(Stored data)
-- -- --

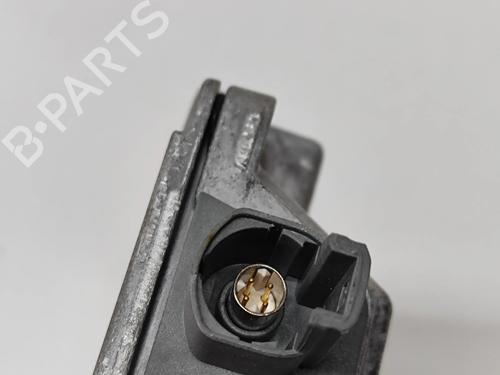 Electronic module PORSCHE CAYENNE (9YA) 3.0 E-Hybrid AWD (9YAAE1) | BP33361542M83 - Image 6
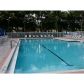 4201 VINEYARD CR # NA, Fort Lauderdale, FL 33332 ID:11924314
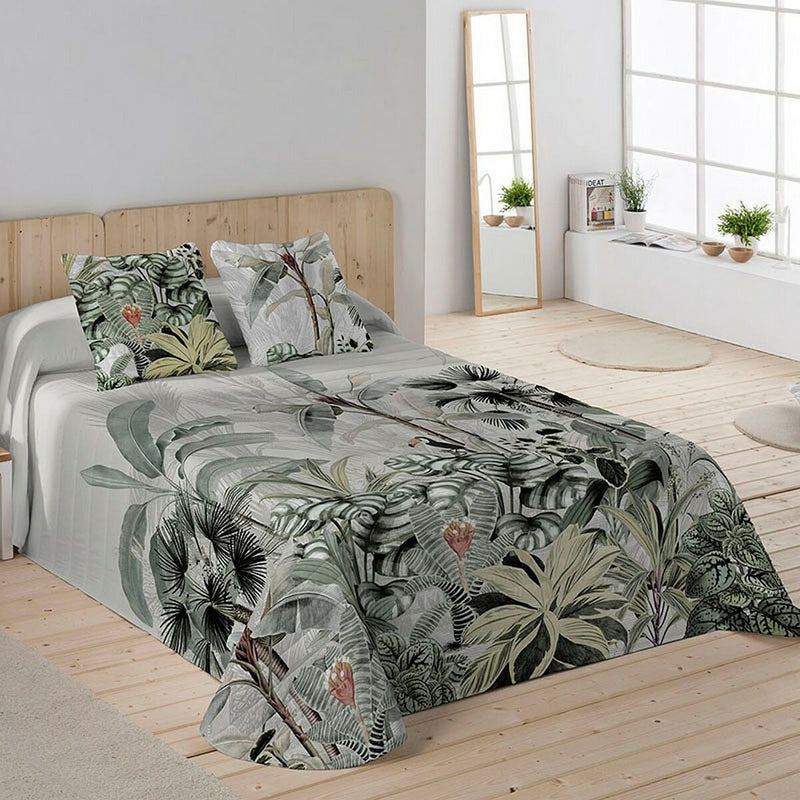 Bedspread (quilt) Icehome Amazonia 180 x 260 cm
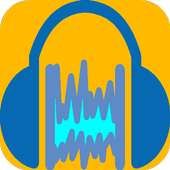 Music Free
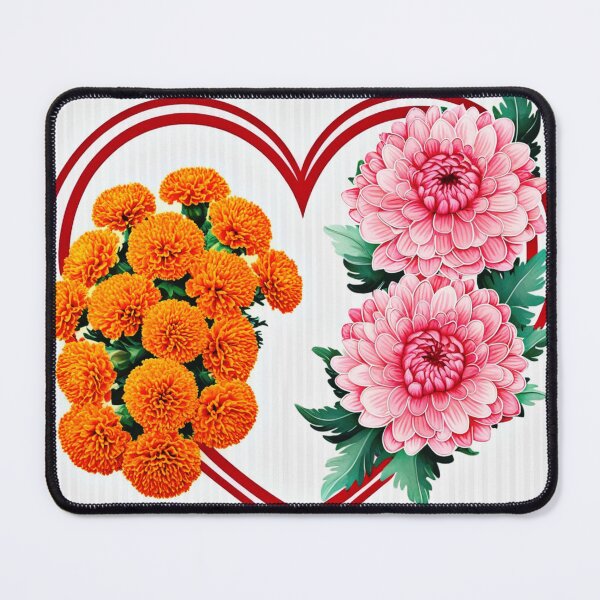 Item preview, Love 187 designed and sold by Zeir Shop.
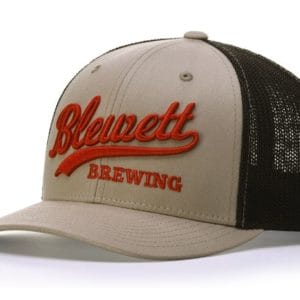 R-Flex Trucker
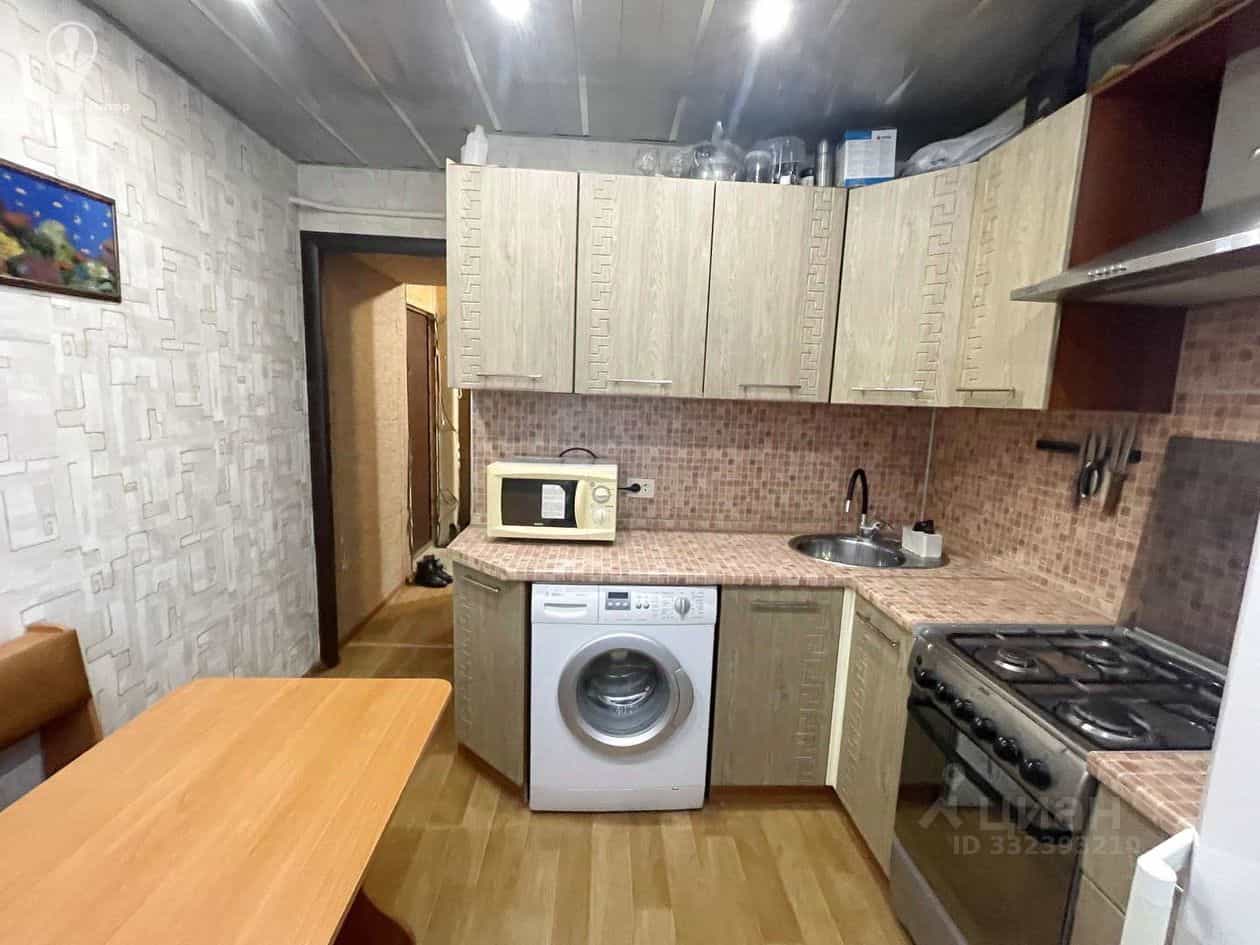 Россия, Рязань, улица Белякова, 30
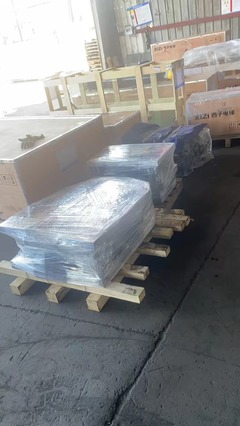安吉至湘潭物流專線服務(wù) 整車零擔(dān)，價(jià)格透明，提供專業(yè)普通貨物倉儲
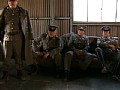 雲流るる果てに 捕われ・犯され・辱められて… 日本婦人の悲劇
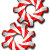 GearCandy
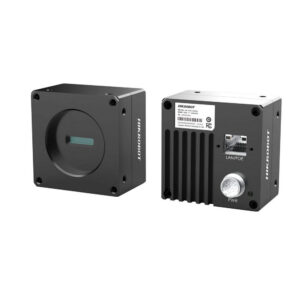 HIKROBOT product, hikrobot_MV CL022 91GM_1__comelsoft.com_, Comel Soft Multimedia, Ltd.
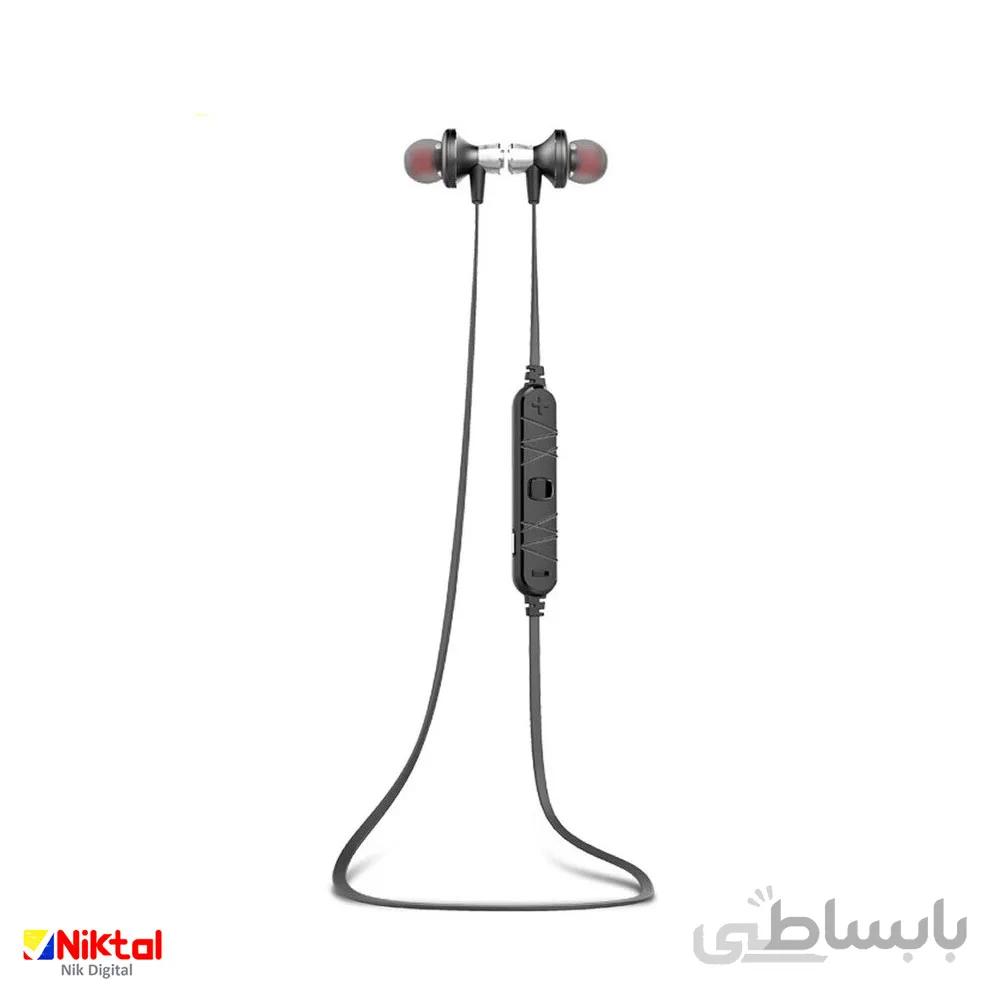 خرید ایرفون بی سیم Awei A860BL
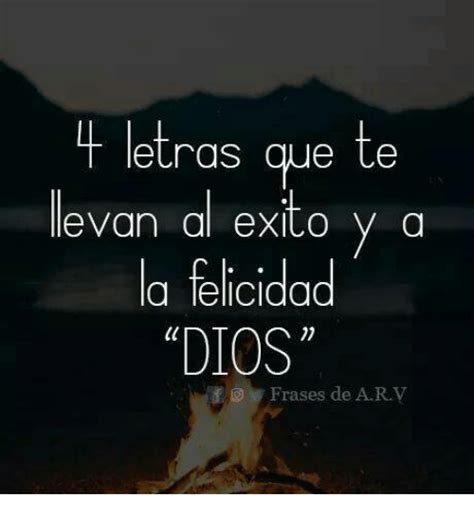 Dios Frases | www.pixshark.com   Images Galleries With A Bite!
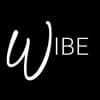 WIBE Network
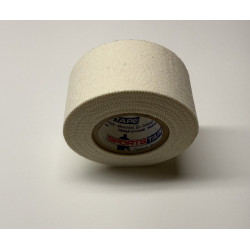 1.5 Inch Wide Cloth Hockey Tape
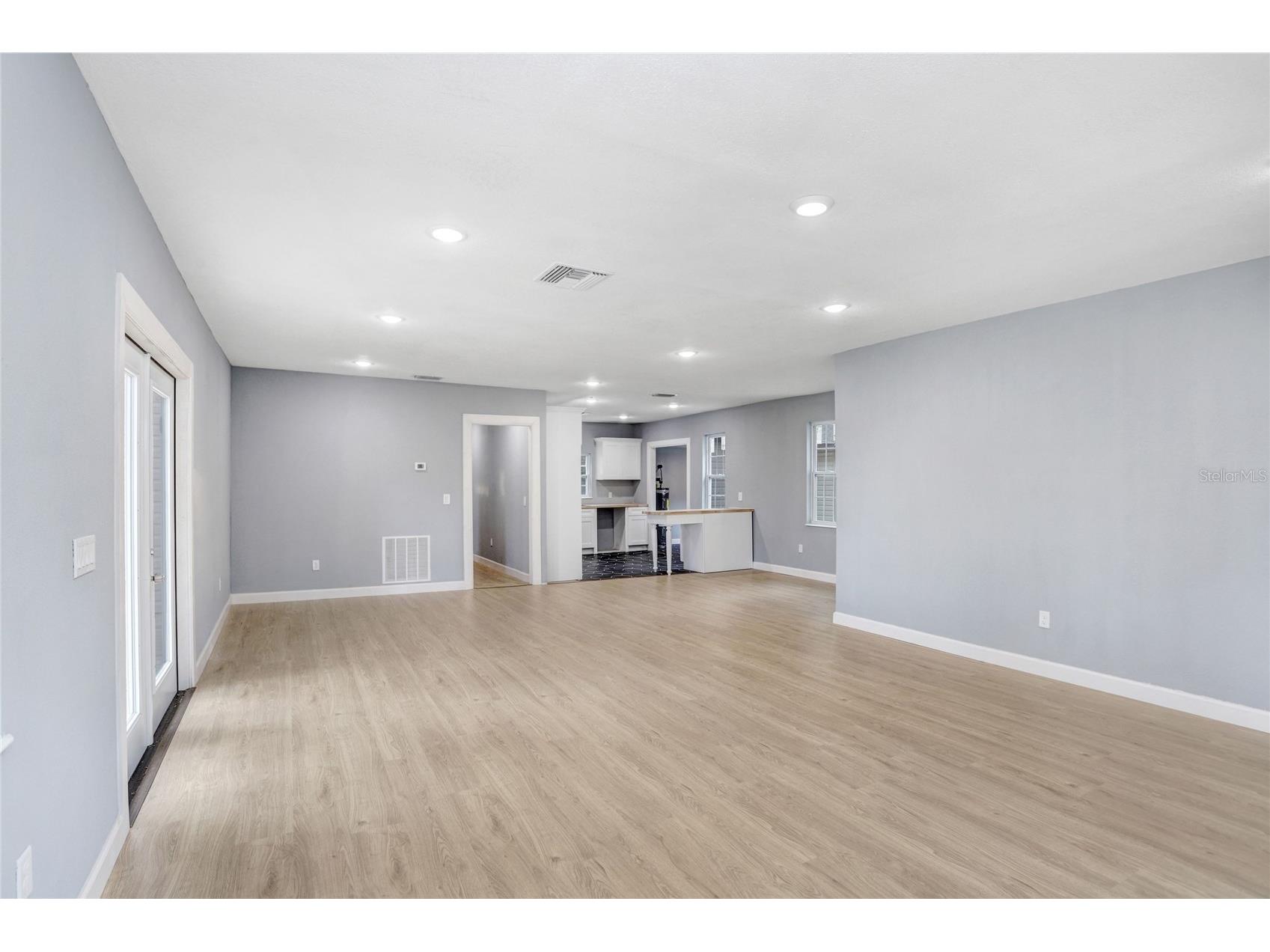 310 S Delaney Avenue Avon Park FL 33825 O6404569 image13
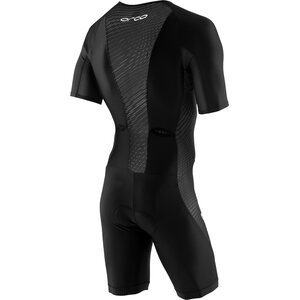Orca Core Aero Race Suit Mens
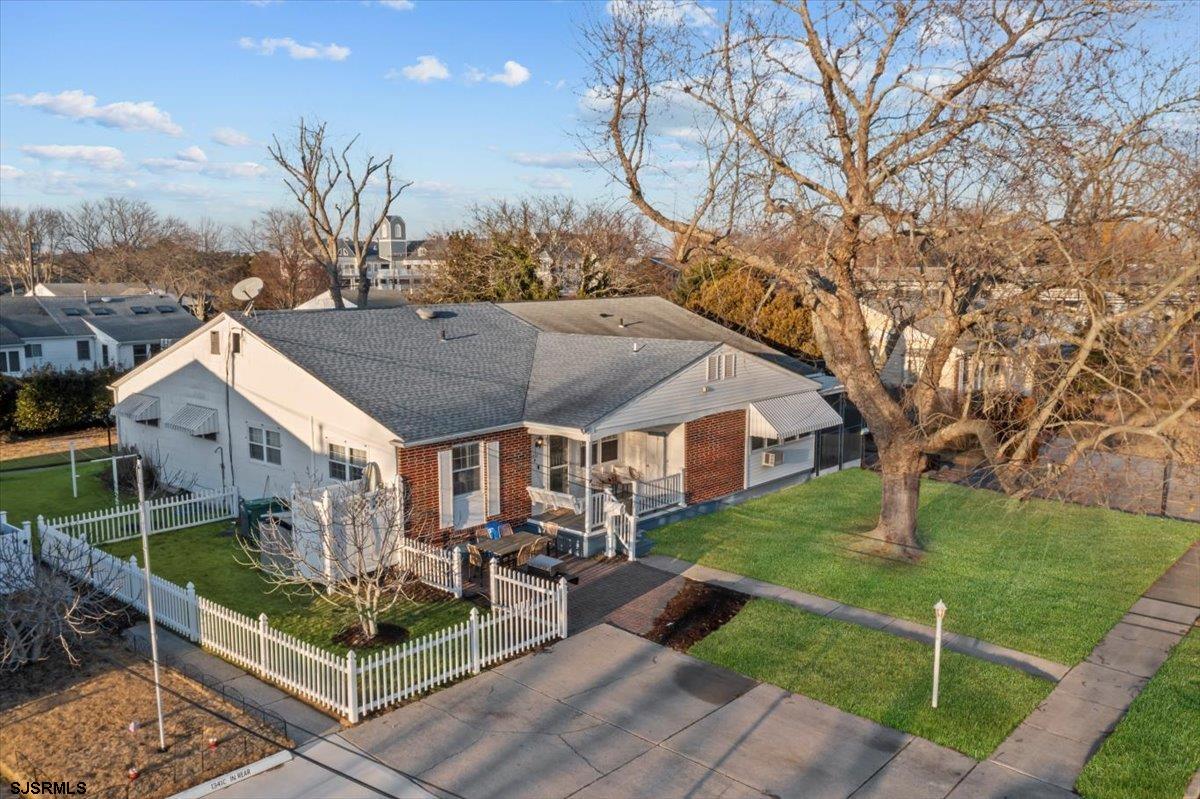 1351 Virginia Ave Ave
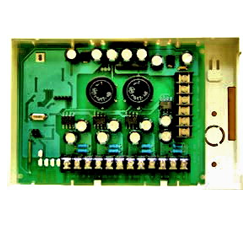 СКАС-01 IP20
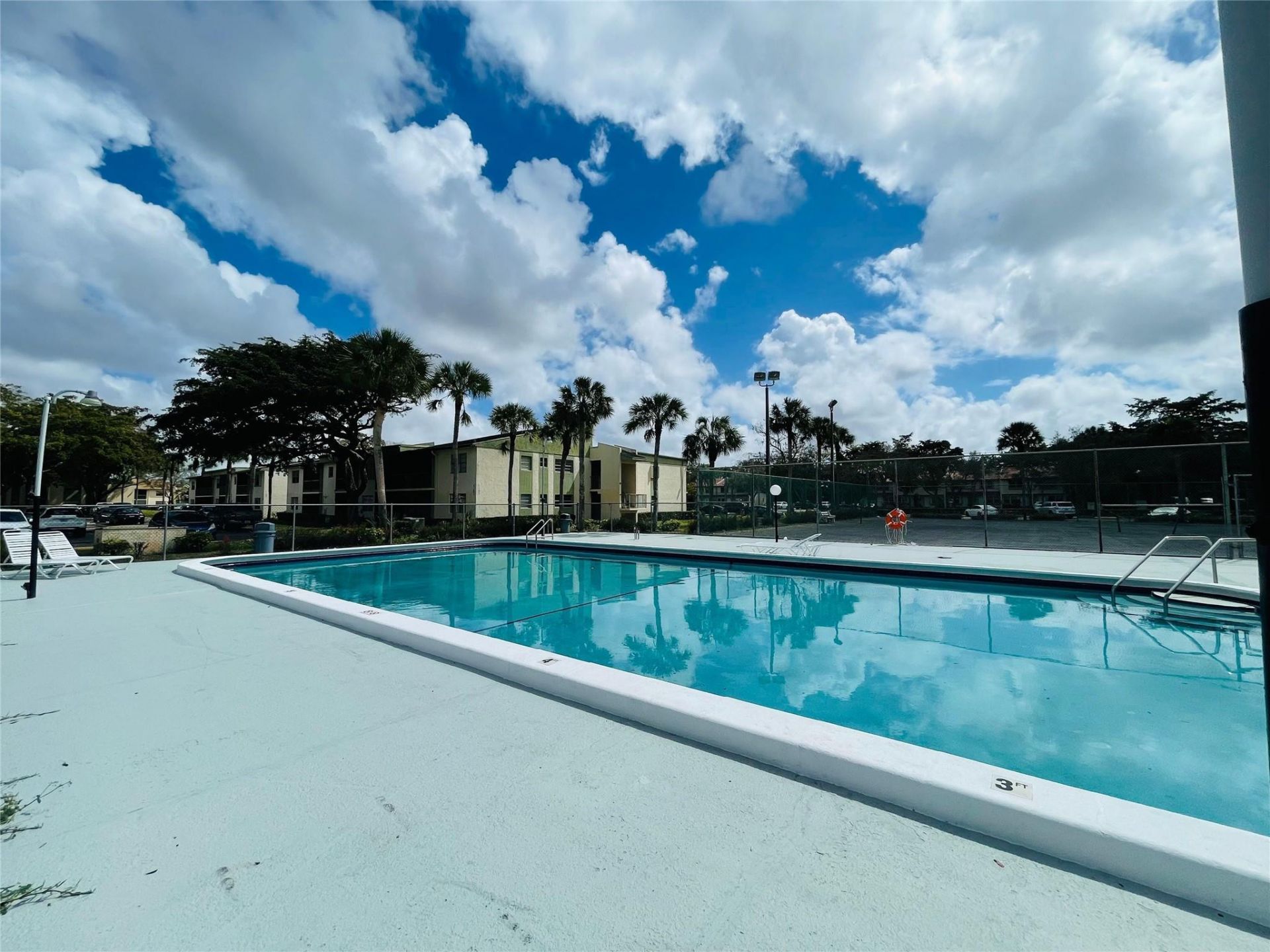 4155 NW 90th Avenue, Unit 201, Coral Springs, FL 33065 Photo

-- -- --

▶ **EXERCISE**
Your answer is all of the records restated word for word, pictures excluded.

▶ **COMPLETED TASK**
 Electronic module PORSCHE CAYENNE (9YA) 3.0 E-Hybrid AWD (9YAAE1) | BP33361542M83 - Image 6
 4201 VINEYARD CR # NA, Fort Lauderdale, FL 33332 ID:11924314
 Bedspread (quilt) Icehome Amazonia 180 x 260 cm
 Music Free
 Item preview, Love 187 designed and sold by Zeir Shop.
 R-Flex Trucker
 Россия, Рязань, улица Белякова, 30
安吉至湘潭物流專線服務(wù) 整車零擔(dān)，價(jià)格透明，提供專業(yè)普通貨物倉儲
 雲流るる果てに 捕われ・犯され・辱められて… 日本婦人の悲劇
 GearCandy
 HIKROBOT product, hikrobot_MV CL022 91GM_1__comelsoft.com_, Comel Soft Multimedia, Ltd.
 خرید ایرفون بی سیم Awei A860BL
 Dios Frases | www.pixshark.com   Images Galleries With A Bite!
 WIBE Network
 1.5 Inch Wide Cloth Hockey Tape
 310 S Delaney Avenue Avon Park FL 33825 O6404569 image13
Orca Core Aero Race Suit Mens
 1351 Virginia Ave Ave
 СКАС-01 IP20
 4155 NW 90th Avenue, Unit 201, Coral Springs, FL 33065 Photo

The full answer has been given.